From: Peter Kirk (peterkirk@qaya.org)
Date: Fri Jul 09 2004 - 16:10:38 CDT
On 09/07/2004 17:06, Mark Davis wrote:
>I agree with Michael -- diacritic folding is a useful folding to add,
>independent of the UCA.
>
>Also, Peter's remark that: "And it is already covered by the Unicode
>collation algorithm and default table..." is incorrect. ...
>
Well, I think this depends on whether the stroke in characters like
U+00D8 and similar additional marks are considered to be diacritics. I
am not sure that they are diacritics in the strict sense, and the
current DUCET mappings don't treat them as such, but John Cowan's list
does treat them as such.
>... The UCA generally
>follows our decompositions in determining many primary weights, and we do
>not decompose characters like U+00D8 LATIN CAPITAL LETTER O WITH STROKE. [I
>have felt from the beginning that it was a mistake to not be consistent in
>our decompositions -- but that is water under the bridge.] If you look at
>John's suggested file for diacritic
>folding(http://www.ccil.org/~cowan/DiacriticFolding.txt), ...
>
I have just reviewed this list and found it odd that Hebrew presentation
forms are included but Arabic ones are not. But in fact surely not only
the Hebrew presentation forms but also most of the precomposed
characters are redundant in this list. For the basic folding algorithm
(in http://www.unicode.org/reports/tr30/) is:
> a. Apply optional folding operations
> b. Apply canonical decomposition
> c. Repeat (*a*) and (*b*) until stable
> d. Apply composition if necessary
Step (b) will decompose not only presentation forms but also all
precomposed characters with canonical decompositions, and the combining
marks will be deleted by the repeat of step (a). It is therefore
necessary to list in the specification of the folding only all (?)

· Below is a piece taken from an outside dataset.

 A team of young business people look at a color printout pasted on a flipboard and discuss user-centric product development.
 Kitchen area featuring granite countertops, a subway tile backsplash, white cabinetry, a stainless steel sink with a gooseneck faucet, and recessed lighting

combining marks, which are to be deleted, and all precomposed characters
which do *not* have canonical decompositions. Letters like O with stroke
are presumably in this latter list, along with many of the listed
Cyrillic characters.
But I would suggest some caution about listing for diacritic folding
some of the Cyrillic characters below, especially those with descenders.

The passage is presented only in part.